Palaeontologists having examined the Tarbosaurus bataar fossils have declared that the specimen was probably collected illegally between the years 1995 and 2005 and then smuggled out of Mongolia. The eight-metre-long, mounted specimen was sold at auction last month for a sum over one million USD.
The seizure was ordered by a federal judge in Manhattan earlier this week, and on Friday wooden crates holding pieces of the fossil were loaded onto a truck at a Queens storage centre and driven away to an undisclosed location where the remains of this Late Cretaceous predator will be held pending further developments.
In a written statement, the President of Mongolia, Elbegdorj Tsakhia, who had personally intervened to try to prevent the auction back on May 20th commented:
“We are one step closer to bringing this rare tyrannosaur skeleton back home to the people of Mongolia.”
The fossil had been stored at the Cadogan Tate Fine Art gallery, photographs of the removal by U.S. officials were taken by Houston lawyer, Robert Painter, who had been acting on behalf of the Mongolian government in this case.
In a written statement, those responsible for challenging the original auction sale commented:
“Today we send a message to looters all over the world, we will not turn a blind eye to the market place of looted fossils.”
Bolortsetseg Minjin, Director of the Institute for the Study of Mongolian Dinosaurs, took pictures of the removal of the crates as well, saying:
“It’s a very exciting event. It’s just unbelievable. I never expected it would be this fast.”
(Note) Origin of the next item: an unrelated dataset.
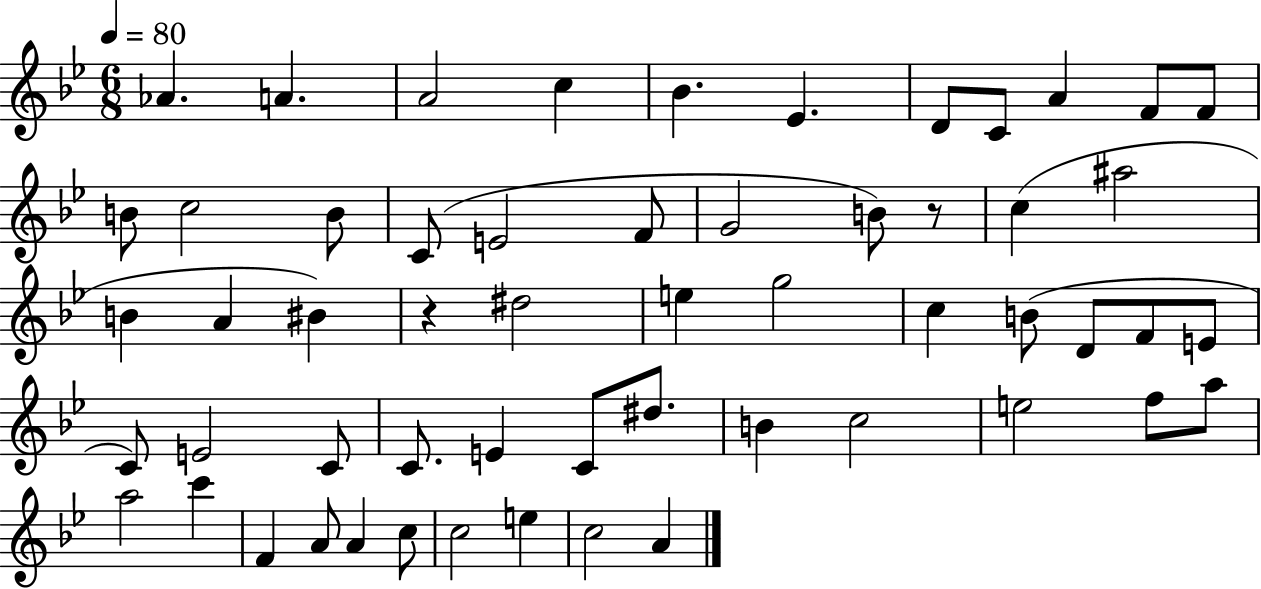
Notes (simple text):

Although team members at Everything Dinosaur, signed a petition to prevent the actual auction, the sale itself is not at the centre of this dispute. It has been illegal to remove fossils from Mongolia for more than fifty years and the arguments concerned whether the fossil had been smuggled out of Mongolia. The United States had requested the seizure in a lawsuit, stating that the relics had been brought into the USA with documents that disguised the potentially valuable dinosaur skeleton and misrepresented what was actually being imported.
Eric Prokopi, 37, of Gainesville, Florida, the person responsible for bringing the fossils into the States, defended his handling of the skeleton in a written statement on Thursday, saying that he was not an international smuggler and that he had worked since bringing the bones into the country in March 2010 to turn chunks of rocks and broken bones “into an impressive skeleton”.
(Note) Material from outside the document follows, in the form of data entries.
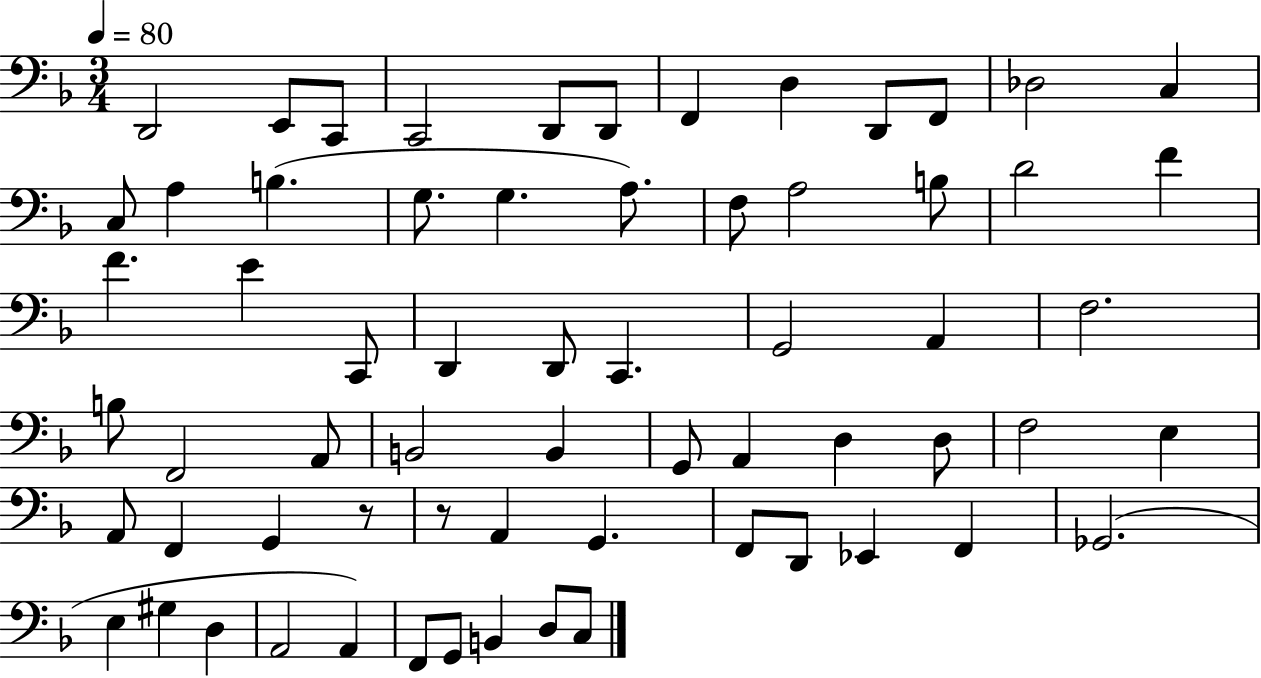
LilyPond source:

{
  \clef bass
  \numericTimeSignature
  \time 3/4
  \key f \major
  \tempo 4 = 80
  \repeat volta 2 { d,2 e,8 c,8 | c,2 d,8 d,8 | f,4 d4 d,8 f,8 | des2 c4 | \break c8 a4 b4.( | g8. g4. a8.) | f8 a2 b8 | d'2 f'4 | \break f'4. e'4 c,8 | d,4 d,8 c,4. | g,2 a,4 | f2. | \break b8 f,2 a,8 | b,2 b,4 | g,8 a,4 d4 d8 | f2 e4 | \break a,8 f,4 g,4 r8 | r8 a,4 g,4. | f,8 d,8 ees,4 f,4 | ges,2.( | \break e4 gis4 d4 | a,2 a,4) | f,8 g,8 b,4 d8 c8 | } \bar "|."
}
Mr Prokopi said in a statement:
“I can wholeheartedly say the import documents are not fraudulent, a truth I am confident will be brought to light in the coming weeks.”
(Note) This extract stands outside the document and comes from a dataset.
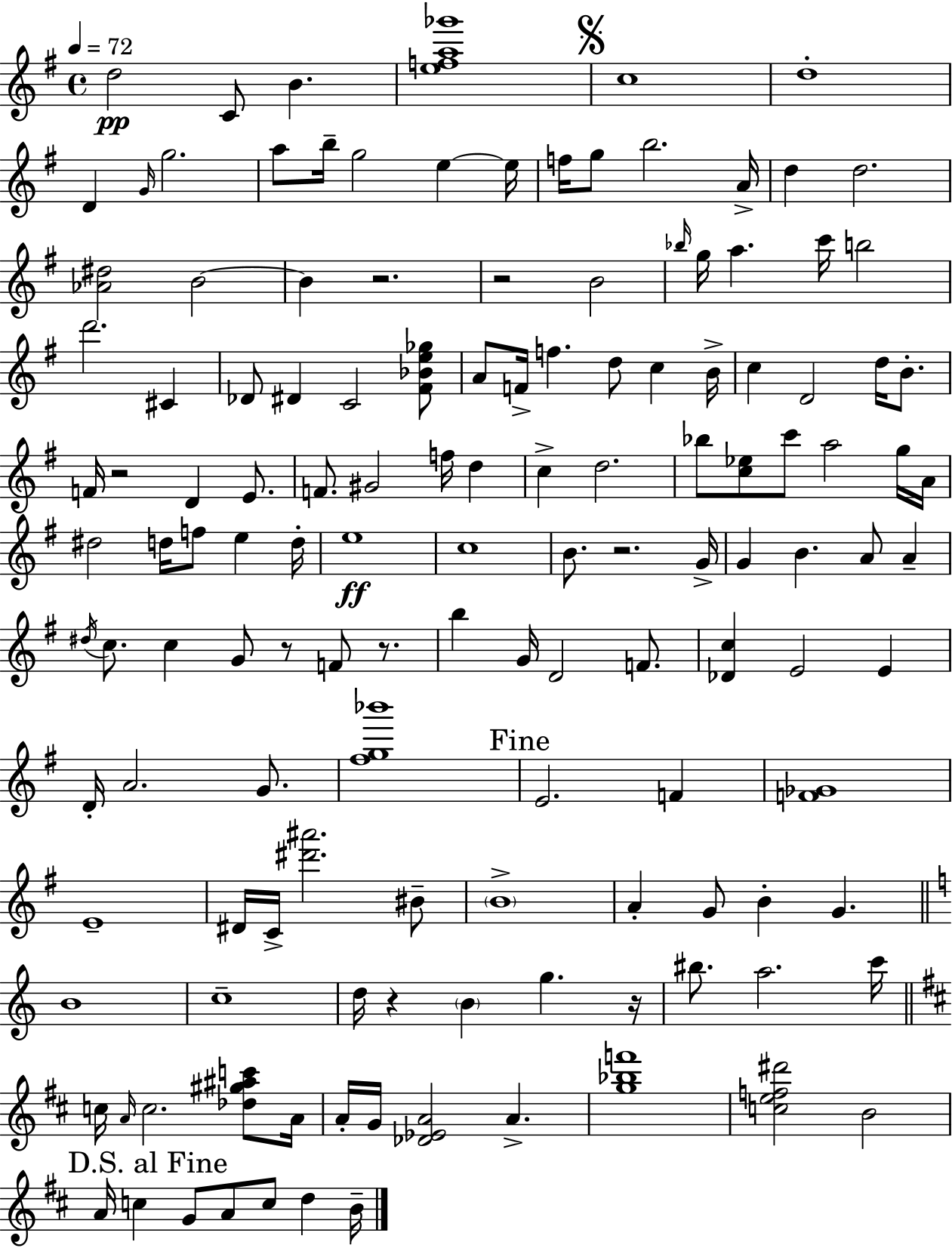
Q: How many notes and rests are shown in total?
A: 137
When asked to explain the discrepancy between the stated value on the import documentation when compared to the auction sale price, Mr Prokopi added:
“The value was declared much lower than the auction value because, quite simply, it was loose, mostly broken bones and rocks with embedded bones. It was not what you see today, a virtually complete, mounted skeleton.”
The bones were valued on the importation documents at only $15,000 USD, but the skeleton Prokopi prepared and put together that was sold at the New York auction last month fetched $1.052 million USD. The sale is contingent on the outcome of litigation involving the dinosaur fossil material.
Although the buyer has not been officially disclosed, Painter said he had been informed that a New York based private gallery owner had made the winning bid at the auction.
We at Everything Dinosaur, hope that this situation is soon resolved. With luck, the fossils will be returned to Mongolia where they can be studied by scientists from the Institute for the Study of Mongolian Dinosaurs, alongside other Tarbosaurus material. Once a more formal study has been made, it might be possible to put the fossils of this Late Cretaceous predator on display so that the people of Mongolia can view an example of their very own tyrannosaur.